• THE PROBLEM:
Quote exactly the lines from the one with "Lote LOTE 2" to the end of the data, both included; omit the pictures.

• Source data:
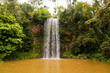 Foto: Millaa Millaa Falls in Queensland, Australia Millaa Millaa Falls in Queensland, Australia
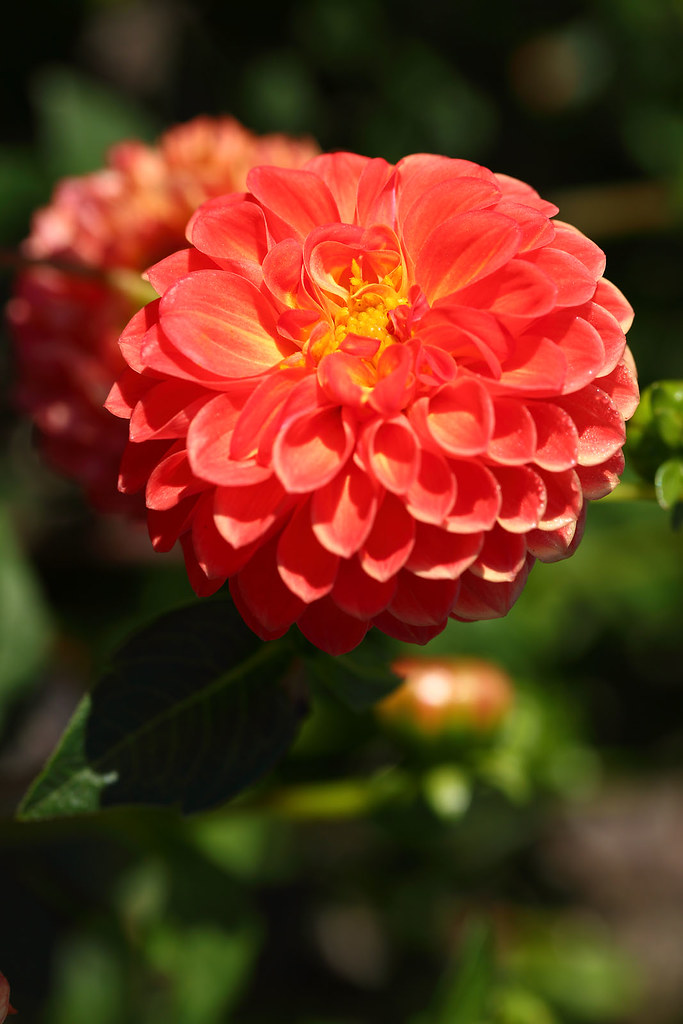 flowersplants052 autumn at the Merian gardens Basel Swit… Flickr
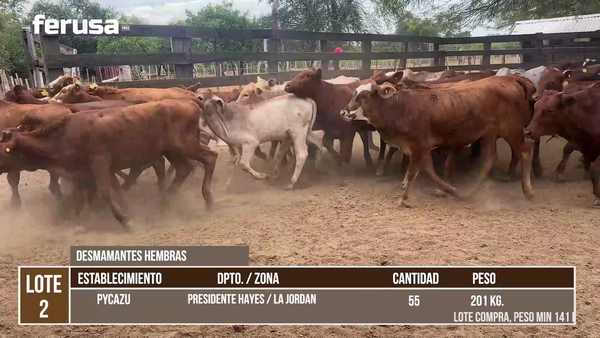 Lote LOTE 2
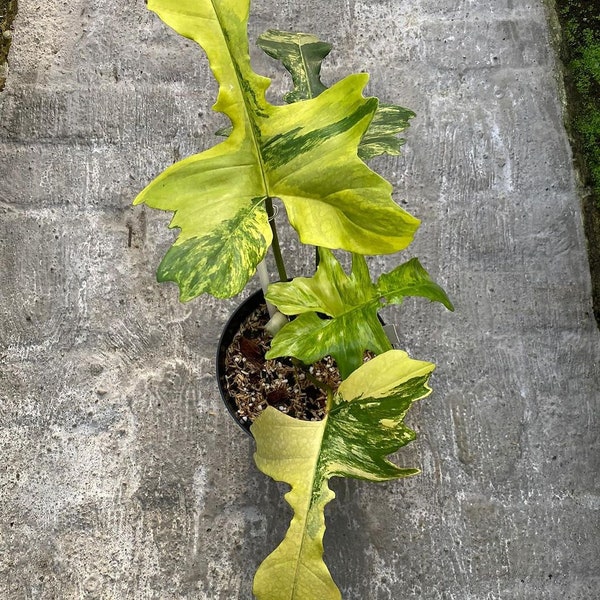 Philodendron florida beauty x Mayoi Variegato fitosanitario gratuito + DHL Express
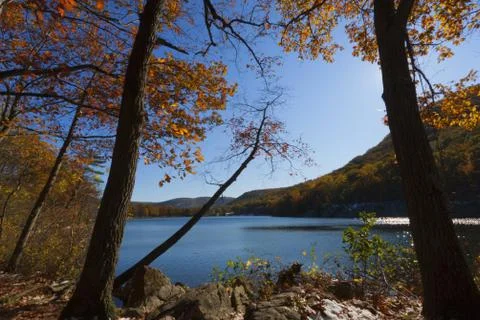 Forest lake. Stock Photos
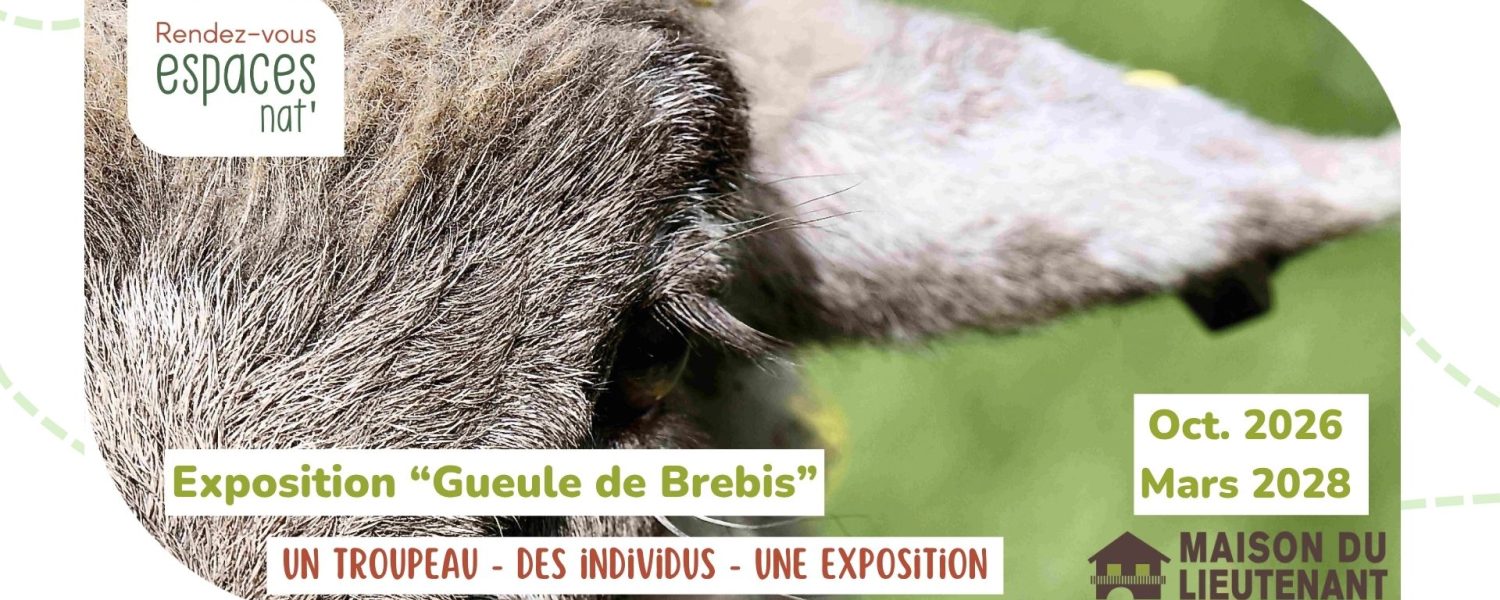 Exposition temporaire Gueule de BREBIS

• RESPONSE FOR THIS EXERCISE:
 Lote LOTE 2
 Philodendron florida beauty x Mayoi Variegato fitosanitario gratuito + DHL Express
 Forest lake. Stock Photos
 Exposition temporaire Gueule de BREBIS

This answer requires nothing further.